------ Data for this task ------

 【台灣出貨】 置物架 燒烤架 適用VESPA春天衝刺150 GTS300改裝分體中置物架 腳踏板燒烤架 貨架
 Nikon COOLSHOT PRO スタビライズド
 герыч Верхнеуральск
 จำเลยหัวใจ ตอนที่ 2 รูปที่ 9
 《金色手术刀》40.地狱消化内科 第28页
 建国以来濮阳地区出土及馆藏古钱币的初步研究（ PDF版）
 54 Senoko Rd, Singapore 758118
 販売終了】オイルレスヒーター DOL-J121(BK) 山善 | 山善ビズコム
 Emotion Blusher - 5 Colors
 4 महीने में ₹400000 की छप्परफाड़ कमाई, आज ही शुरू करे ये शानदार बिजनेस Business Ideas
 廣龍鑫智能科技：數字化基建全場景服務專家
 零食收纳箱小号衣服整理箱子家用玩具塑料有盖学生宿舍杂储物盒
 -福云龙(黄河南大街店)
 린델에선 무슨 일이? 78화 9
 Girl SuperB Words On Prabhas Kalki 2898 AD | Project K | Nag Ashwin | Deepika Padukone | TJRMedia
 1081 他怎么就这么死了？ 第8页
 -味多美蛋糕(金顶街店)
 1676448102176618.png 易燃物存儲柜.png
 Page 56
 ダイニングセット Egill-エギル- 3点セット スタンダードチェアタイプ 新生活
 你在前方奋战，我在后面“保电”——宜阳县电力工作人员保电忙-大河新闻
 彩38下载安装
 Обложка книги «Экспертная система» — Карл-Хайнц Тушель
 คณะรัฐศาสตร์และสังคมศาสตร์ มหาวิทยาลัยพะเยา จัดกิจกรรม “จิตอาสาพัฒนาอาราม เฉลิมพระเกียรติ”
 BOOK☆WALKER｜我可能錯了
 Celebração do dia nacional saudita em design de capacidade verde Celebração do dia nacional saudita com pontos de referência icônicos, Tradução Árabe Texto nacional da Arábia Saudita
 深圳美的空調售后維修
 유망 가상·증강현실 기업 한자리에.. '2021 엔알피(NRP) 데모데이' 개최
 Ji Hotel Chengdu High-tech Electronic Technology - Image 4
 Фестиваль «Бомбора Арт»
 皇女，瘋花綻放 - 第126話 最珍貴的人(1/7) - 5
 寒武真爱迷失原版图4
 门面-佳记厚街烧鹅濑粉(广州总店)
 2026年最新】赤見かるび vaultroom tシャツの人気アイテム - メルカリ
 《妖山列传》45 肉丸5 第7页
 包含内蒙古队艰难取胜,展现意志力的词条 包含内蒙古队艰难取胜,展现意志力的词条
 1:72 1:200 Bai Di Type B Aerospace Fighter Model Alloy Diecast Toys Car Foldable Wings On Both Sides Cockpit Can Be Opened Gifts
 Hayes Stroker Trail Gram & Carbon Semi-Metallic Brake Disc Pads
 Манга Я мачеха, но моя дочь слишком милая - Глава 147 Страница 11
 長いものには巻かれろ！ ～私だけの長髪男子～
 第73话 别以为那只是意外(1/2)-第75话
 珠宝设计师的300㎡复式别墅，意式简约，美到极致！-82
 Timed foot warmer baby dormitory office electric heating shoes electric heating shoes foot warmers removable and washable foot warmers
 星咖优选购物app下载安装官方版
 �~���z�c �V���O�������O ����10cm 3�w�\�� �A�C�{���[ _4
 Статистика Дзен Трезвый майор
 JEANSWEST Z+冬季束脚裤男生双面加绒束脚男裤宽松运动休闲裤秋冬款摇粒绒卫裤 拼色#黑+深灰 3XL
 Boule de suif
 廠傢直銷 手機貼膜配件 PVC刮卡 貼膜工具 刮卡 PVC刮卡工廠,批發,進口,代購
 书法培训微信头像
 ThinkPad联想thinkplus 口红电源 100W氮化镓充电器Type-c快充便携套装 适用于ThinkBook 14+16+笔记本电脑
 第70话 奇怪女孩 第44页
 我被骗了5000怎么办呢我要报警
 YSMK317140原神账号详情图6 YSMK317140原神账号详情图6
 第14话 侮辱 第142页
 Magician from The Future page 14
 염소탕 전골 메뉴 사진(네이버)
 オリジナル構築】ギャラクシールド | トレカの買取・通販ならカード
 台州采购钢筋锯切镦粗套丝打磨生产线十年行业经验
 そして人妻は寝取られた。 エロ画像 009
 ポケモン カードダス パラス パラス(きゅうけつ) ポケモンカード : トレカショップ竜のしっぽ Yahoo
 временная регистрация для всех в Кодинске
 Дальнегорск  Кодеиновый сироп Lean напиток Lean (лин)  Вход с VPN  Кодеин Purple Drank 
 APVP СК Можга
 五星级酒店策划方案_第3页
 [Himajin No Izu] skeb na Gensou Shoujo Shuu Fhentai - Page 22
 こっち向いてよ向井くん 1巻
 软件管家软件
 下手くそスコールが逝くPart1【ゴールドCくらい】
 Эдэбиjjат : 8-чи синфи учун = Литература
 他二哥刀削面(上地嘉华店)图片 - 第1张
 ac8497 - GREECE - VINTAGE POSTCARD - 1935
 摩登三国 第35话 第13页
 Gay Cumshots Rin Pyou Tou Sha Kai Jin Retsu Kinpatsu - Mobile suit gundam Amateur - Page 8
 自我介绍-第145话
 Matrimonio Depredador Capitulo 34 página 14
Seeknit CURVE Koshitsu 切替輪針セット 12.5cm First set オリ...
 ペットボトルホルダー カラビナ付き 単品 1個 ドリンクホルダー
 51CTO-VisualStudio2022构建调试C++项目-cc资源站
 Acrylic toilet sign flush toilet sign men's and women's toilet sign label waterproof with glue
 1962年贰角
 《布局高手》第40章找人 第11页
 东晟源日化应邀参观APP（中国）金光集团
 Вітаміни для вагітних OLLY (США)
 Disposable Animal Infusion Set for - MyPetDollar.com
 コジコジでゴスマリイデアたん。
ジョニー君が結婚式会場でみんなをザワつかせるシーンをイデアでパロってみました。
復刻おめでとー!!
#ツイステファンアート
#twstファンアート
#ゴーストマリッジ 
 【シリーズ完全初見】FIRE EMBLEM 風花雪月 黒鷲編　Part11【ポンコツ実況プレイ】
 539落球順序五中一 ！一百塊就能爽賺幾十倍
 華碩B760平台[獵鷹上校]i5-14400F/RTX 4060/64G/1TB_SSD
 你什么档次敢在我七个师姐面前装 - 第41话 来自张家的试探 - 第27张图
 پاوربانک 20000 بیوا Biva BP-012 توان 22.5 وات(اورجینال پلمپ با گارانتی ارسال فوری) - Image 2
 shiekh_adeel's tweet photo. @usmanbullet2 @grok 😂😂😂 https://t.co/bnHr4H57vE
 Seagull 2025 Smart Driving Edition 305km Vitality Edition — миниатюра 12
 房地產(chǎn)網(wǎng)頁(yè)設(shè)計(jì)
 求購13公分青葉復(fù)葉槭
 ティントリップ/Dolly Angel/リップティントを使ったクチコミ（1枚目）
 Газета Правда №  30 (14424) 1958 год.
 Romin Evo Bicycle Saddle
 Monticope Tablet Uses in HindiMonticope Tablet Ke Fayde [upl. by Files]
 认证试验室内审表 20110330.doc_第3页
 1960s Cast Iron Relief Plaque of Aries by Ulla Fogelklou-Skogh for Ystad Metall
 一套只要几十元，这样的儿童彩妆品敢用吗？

------

▶ Problem:
Every line of the listing is to be returned exactly as given.

▶ Result for this task:
 【台灣出貨】 置物架 燒烤架 適用VESPA春天衝刺150 GTS300改裝分體中置物架 腳踏板燒烤架 貨架
 Nikon COOLSHOT PRO スタビライズド
 герыч Верхнеуральск
 จำเลยหัวใจ ตอนที่ 2 รูปที่ 9
 《金色手术刀》40.地狱消化内科 第28页
 建国以来濮阳地区出土及馆藏古钱币的初步研究（ PDF版）
 54 Senoko Rd, Singapore 758118
 販売終了】オイルレスヒーター DOL-J121(BK) 山善 | 山善ビズコム
 Emotion Blusher - 5 Colors
 4 महीने में ₹400000 की छप्परफाड़ कमाई, आज ही शुरू करे ये शानदार बिजनेस Business Ideas
 廣龍鑫智能科技：數字化基建全場景服務專家
 零食收纳箱小号衣服整理箱子家用玩具塑料有盖学生宿舍杂储物盒
 -福云龙(黄河南大街店)
 린델에선 무슨 일이? 78화 9
 Girl SuperB Words On Prabhas Kalki 2898 AD | Project K | Nag Ashwin | Deepika Padukone | TJRMedia
 1081 他怎么就这么死了？ 第8页
 -味多美蛋糕(金顶街店)
 1676448102176618.png 易燃物存儲柜.png
 Page 56
 ダイニングセット Egill-エギル- 3点セット スタンダードチェアタイプ 新生活
 你在前方奋战，我在后面“保电”——宜阳县电力工作人员保电忙-大河新闻
 彩38下载安装
 Обложка книги «Экспертная система» — Карл-Хайнц Тушель
 คณะรัฐศาสตร์และสังคมศาสตร์ มหาวิทยาลัยพะเยา จัดกิจกรรม “จิตอาสาพัฒนาอาราม เฉลิมพระเกียรติ”
 BOOK☆WALKER｜我可能錯了
 Celebração do dia nacional saudita em design de capacidade verde Celebração do dia nacional saudita com pontos de referência icônicos, Tradução Árabe Texto nacional da Arábia Saudita
 深圳美的空調售后維修
 유망 가상·증강현실 기업 한자리에.. '2021 엔알피(NRP) 데모데이' 개최
 Ji Hotel Chengdu High-tech Electronic Technology - Image 4
 Фестиваль «Бомбора Арт»
 皇女，瘋花綻放 - 第126話 最珍貴的人(1/7) - 5
 寒武真爱迷失原版图4
 门面-佳记厚街烧鹅濑粉(广州总店)
 2026年最新】赤見かるび vaultroom tシャツの人気アイテム - メルカリ
 《妖山列传》45 肉丸5 第7页
 包含内蒙古队艰难取胜,展现意志力的词条 包含内蒙古队艰难取胜,展现意志力的词条
 1:72 1:200 Bai Di Type B Aerospace Fighter Model Alloy Diecast Toys Car Foldable Wings On Both Sides Cockpit Can Be Opened Gifts
 Hayes Stroker Trail Gram & Carbon Semi-Metallic Brake Disc Pads
 Манга Я мачеха, но моя дочь слишком милая - Глава 147 Страница 11
 長いものには巻かれろ！ ～私だけの長髪男子～
 第73话 别以为那只是意外(1/2)-第75话
 珠宝设计师的300㎡复式别墅，意式简约，美到极致！-82
 Timed foot warmer baby dormitory office electric heating shoes electric heating shoes foot warmers removable and washable foot warmers
 星咖优选购物app下载安装官方版
 �~���z�c �V���O�������O ����10cm 3�w�\�� �A�C�{���[ _4
 Статистика Дзен Трезвый майор
 JEANSWEST Z+冬季束脚裤男生双面加绒束脚男裤宽松运动休闲裤秋冬款摇粒绒卫裤 拼色#黑+深灰 3XL
 Boule de suif
 廠傢直銷 手機貼膜配件 PVC刮卡 貼膜工具 刮卡 PVC刮卡工廠,批發,進口,代購
 书法培训微信头像
 ThinkPad联想thinkplus 口红电源 100W氮化镓充电器Type-c快充便携套装 适用于ThinkBook 14+16+笔记本电脑
 第70话 奇怪女孩 第44页
 我被骗了5000怎么办呢我要报警
 YSMK317140原神账号详情图6 YSMK317140原神账号详情图6
 第14话 侮辱 第142页
 Magician from The Future page 14
 염소탕 전골 메뉴 사진(네이버)
 オリジナル構築】ギャラクシールド | トレカの買取・通販ならカード
 台州采购钢筋锯切镦粗套丝打磨生产线十年行业经验
 そして人妻は寝取られた。 エロ画像 009
 ポケモン カードダス パラス パラス(きゅうけつ) ポケモンカード : トレカショップ竜のしっぽ Yahoo
 временная регистрация для всех в Кодинске
 Дальнегорск  Кодеиновый сироп Lean напиток Lean (лин)  Вход с VPN  Кодеин Purple Drank 
 APVP СК Можга
 五星级酒店策划方案_第3页
 [Himajin No Izu] skeb na Gensou Shoujo Shuu Fhentai - Page 22
 こっち向いてよ向井くん 1巻
 软件管家软件
 下手くそスコールが逝くPart1【ゴールドCくらい】
 Эдэбиjjат : 8-чи синфи учун = Литература
 他二哥刀削面(上地嘉华店)图片 - 第1张
 ac8497 - GREECE - VINTAGE POSTCARD - 1935
 摩登三国 第35话 第13页
 Gay Cumshots Rin Pyou Tou Sha Kai Jin Retsu Kinpatsu - Mobile suit gundam Amateur - Page 8
 自我介绍-第145话
 Matrimonio Depredador Capitulo 34 página 14
Seeknit CURVE Koshitsu 切替輪針セット 12.5cm First set オリ...
 ペットボトルホルダー カラビナ付き 単品 1個 ドリンクホルダー
 51CTO-VisualStudio2022构建调试C++项目-cc资源站
 Acrylic toilet sign flush toilet sign men's and women's toilet sign label waterproof with glue
 1962年贰角
 《布局高手》第40章找人 第11页
 东晟源日化应邀参观APP（中国）金光集团
 Вітаміни для вагітних OLLY (США)
 Disposable Animal Infusion Set for - MyPetDollar.com
 コジコジでゴスマリイデアたん。
ジョニー君が結婚式会場でみんなをザワつかせるシーンをイデアでパロってみました。
復刻おめでとー!!
#ツイステファンアート
#twstファンアート
#ゴーストマリッジ 
 【シリーズ完全初見】FIRE EMBLEM 風花雪月 黒鷲編　Part11【ポンコツ実況プレイ】
 539落球順序五中一 ！一百塊就能爽賺幾十倍
 華碩B760平台[獵鷹上校]i5-14400F/RTX 4060/64G/1TB_SSD
 你什么档次敢在我七个师姐面前装 - 第41话 来自张家的试探 - 第27张图
 پاوربانک 20000 بیوا Biva BP-012 توان 22.5 وات(اورجینال پلمپ با گارانتی ارسال فوری) - Image 2
 shiekh_adeel's tweet photo. @usmanbullet2 @grok 😂😂😂 https://t.co/bnHr4H57vE
 Seagull 2025 Smart Driving Edition 305km Vitality Edition — миниатюра 12
 房地產(chǎn)網(wǎng)頁(yè)設(shè)計(jì)
 求購13公分青葉復(fù)葉槭
 ティントリップ/Dolly Angel/リップティントを使ったクチコミ（1枚目）
 Газета Правда №  30 (14424) 1958 год.
 Romin Evo Bicycle Saddle
 Monticope Tablet Uses in HindiMonticope Tablet Ke Fayde [upl. by Files]
 认证试验室内审表 20110330.doc_第3页
 1960s Cast Iron Relief Plaque of Aries by Ulla Fogelklou-Skogh for Ystad Metall
 一套只要几十元，这样的儿童彩妆品敢用吗？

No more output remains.